May 03, 2012

Babe Tip #64

I have learned to be content whatever the circumstances - Philippians 4:11

When I was single all I wanted to do was to have a boyfriend and then I thought I'd be happy. Then I got a boyfriend and I was happy for a few months and then I thought, I'd be happy once we're engaged. We got engaged and I was happy for awhile until I thought, I'd be happy once we're married. We got married and then the pursuit of happiness never ends. When I was working and pregnant, all I wanted to do was go on maternity leave so I could be happy not working. Then I had Emma and I was home for a couple of months and I missed work and I thought I'd be happy if I go back to work. I came back a month before my planned return and I was happy for a few months until I started missing Emma and now I'm thinking I'd be happy if I could be a stay at home mom. You get the picture? It's like a vicious circle if we don't CHOOSE to be happy and content we will never be once we're there. It will be a temporary high. I have come to the conclusion of such is life and only true happiness comes living a fulfilling life and being content through all circumstances and seasons of life.  This is why I LOVE MY LIFE. It's not perfect and I don't have EVERYTHING but I love everything about it!

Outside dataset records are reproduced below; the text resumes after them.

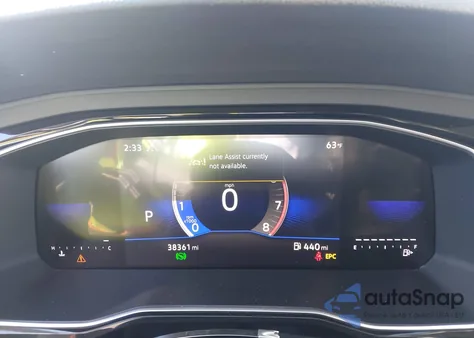 2024 Volkswagen Jetta 1.5T Se from USA, damaged, VIN 3VWEM7BU2RM032653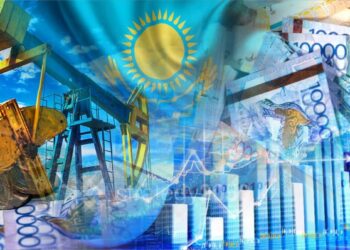 Контроль за расходованием бюджетных средств усиливают в РК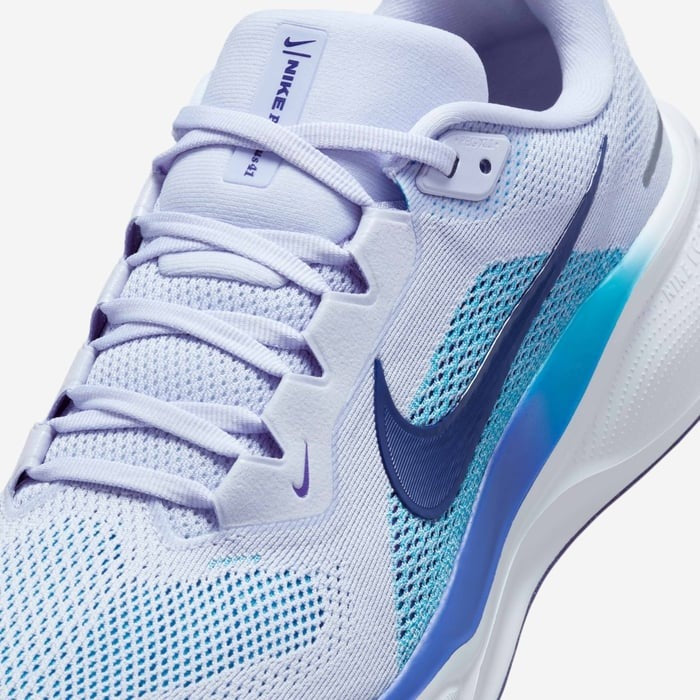 Nike Pegasus 41 Men's Running Shoes
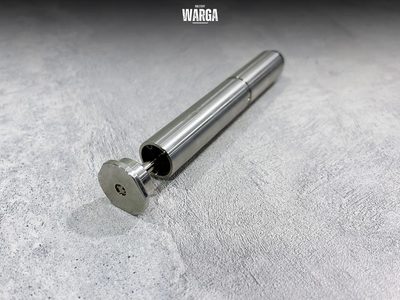 Гидробуфер KynSHOT RB5006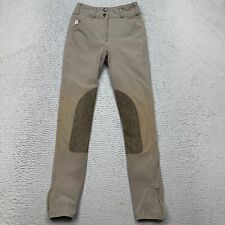 tailored sportsman girls breeches for sale tailored sportsman girls breeches for sale Pahrump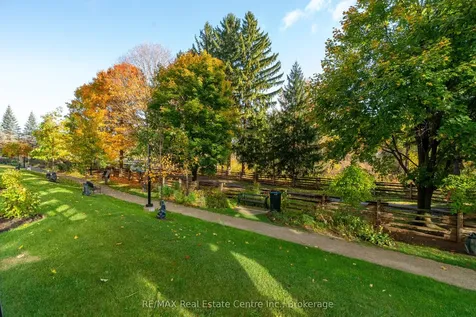 525 New Dundee Road Kitchener ON N2P 0K8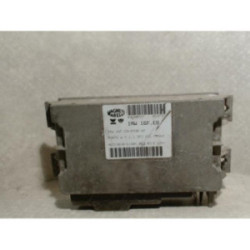 Calculateur FIAT PUNTO 1 PHASE 2 d’occasion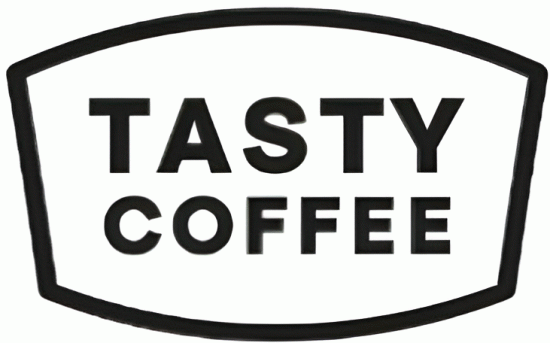 Tasty Coffee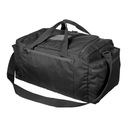 Tréningová taška Helikon Urban Cordura Black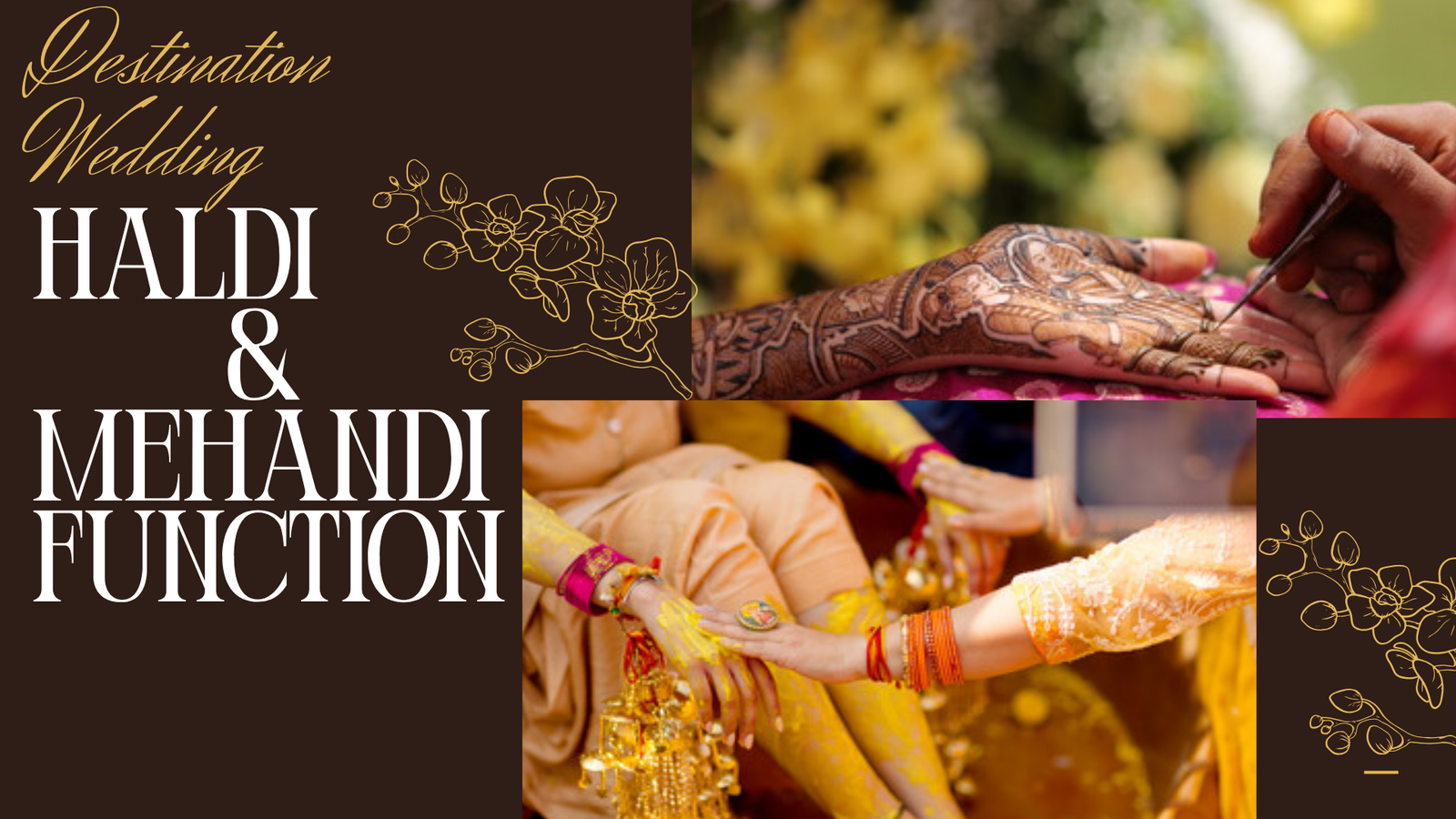 Haldi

As a married woman, I'd tell the singles if you're not happy right now, and with the entire journey, you will never be happy when you get to your destination.

A happy marriage is made up of two happy and whole individuals. One can only add to their spouse's happiness but they can't be responsible for all of it. Does that make sense?


This is also true when it comes to work and everything  else. People dread Mondays and the entire week looking forward to the weekend and then their unhappy and dreading it again on Monday. I hate living life like that. I like to enjoy it every day or else it's such a waste. This doesn't mean that things don't come up or things "happen" in my favor all the time to keep my "happy". You know that's what happiness is. As long as things are "happening" the way we like them to then we are "happy." and that's why it's short lived. But Joy is regardless of what's "happening" we are happy on the inside.

I've never met a miserable, negative person who is happily married. Happiness is a choice and it's your own responsibility. Don't blame anyone else for it , or hold anyone accountable for your happiness, and don't go pulling the record from the past listing reasons why you're not. We don't live in the past anymore. Things might have happened that weren't right but that doesn't give us the insurance to act and behave wrong for the rest of our lives and holding someone else responsible for it, and asking them to pay for someone's consequences.